Земной человек. Его понять можно. Да только не Катерине Максимовне.
Тётка приходит, корит племянницу, мол, зря отказала. Всё- равно одной не прожить. А вот те крест, тетя, Катерина- то Максимовна говорит. Не плохо мне одной. Да как же не плохо? А вот, говорит, как: на улице дождь, ветер, грязь осенняя, стужа, метель. А на душе у меня, говорит, что ни день, то солнышко июльское, облака белые, кучерявые и птицы поют. Своя вифлеемская погода. Свой евангельский календарь. Вот как! Против себя не пойду.
Тётка сидит, причитает, казнится - переучила, мол, девчонку, испортила своей благостью. А Катерина Максимовна ногу «Зингеру» на педаль, да и пошла строчить. Ворчи, коли хочется.

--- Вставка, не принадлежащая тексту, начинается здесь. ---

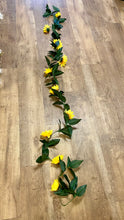 Load image into Gallery viewer, CARP100-Q Sunflower Garland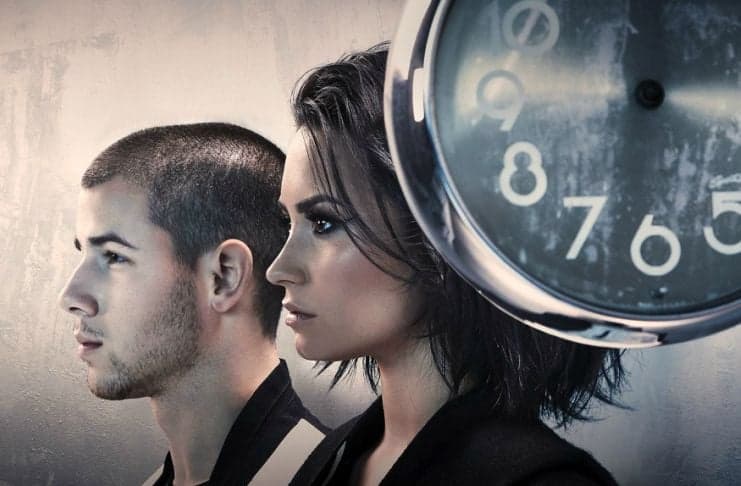 Demi Lovato e Nick Jonas fazem homenagem à vítimas de Orlando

Стукоток от машины весёлый, чистый. И вдруг - тишина. Откинется на спинку стула, глядит на Спаса, плачет и - наизусть о пришествии Христа в Иерусалим: «Множество же народа постилали свои одежды на дороге его...». А глаза на белом личике как две слезы смоляные, так и переливаются.
Домик у неё был в одну комнату. Избушка. Иконы в каждом углу. А посредине этот «Зингер». Вон, можешь потрогать, мне в наследство досталось. Допечаловала я мастерицу. Она и отблагодарила. Только ремень приводной засох, заскоруз, пришлось через какое- то время поменять. А в остальном - как новенькая.
При Катерине-то Максимовне за машинкой присматривал Федор Феофилатьевич. Придёт, бывало, отвертки свои разложит. Колупнет там, тут. Потом маслёнкой польёт во все дырочки, ветошкой оботрёт. А сам опять про какое-то яблоко. Яблоко, говорит, Катерина, до чего же сладкое! Все ведь, поди, пробуют. Не верю, говорит, чтобы тебе не хотелось. Давай, говорит, угощу. Ну, хоть понадкусывай. А Катрина Максимовна в ответ: да, мол, все пробуют. Это верно. Да только потом все и ревут. Ведь пока, говорит, Ева девушкой была, до тех только пор настоящее счастье и знала.
Ничего меня не интересовало в то время в этих ихних разговорах кроме яблока.
Покою оно мне не давало. Десять лет девке - какое ещё соображение? Только в сказках про яблоки-то слыхала. Они ведь у нас не растут. И в лавку эдакого товара раньше не завозили. Вот я и набралась однажды смелости, прибежала к Федору Феофилатьевичу. Он в кузнице работал. У ворот сидит на чурбаке, курит. В кожаном фартуке, в фуражке с козырьком лакированным. «Дяденька. угостите яблочком!»
Он меня по головке погладил, да и говорит: «Зубки у тебя ещё не выросли». Да и права, говорит, портниха-то наша. Ничего в этом яблоке нет особенного. Оно и красно только до первого прикуса, а потом чернеет.
Вот какая мудрая была Катерина Максимовна. Самого Фёдора Феофилатьевича на свою сторону перетянула.
Сколько я о ней вспоминаю, сколько ни думаю, а всё к одному прихожу: можно и одной женщине прожить, ежели с верой да ремеслом. От дьявольских наущений молитвой обороняйся. Разжигание плоти постом гаси. И нечего этим девушек пугать, одиночеством-то. Не надо. Тоже ведь хоть и без собственных детей, а не бездетно можно прожить.
У Катерины-то Максимовны мы, девочки деревенские, дневали и ночевали. Это ли ей не семья была! Каких только на Николин день нам платьев не нашьёт из разных лоскутьев, сарафанчиков да кофточек.
Да еще цветы любила комнатные.
Вот герани у тебя за спиной чьего, думаешь, заводу? Кати- белошвейки.
Первый корешок она из Питера привезла в восемнадцатом году, а отросточки до сих пор цветут, душу радуют.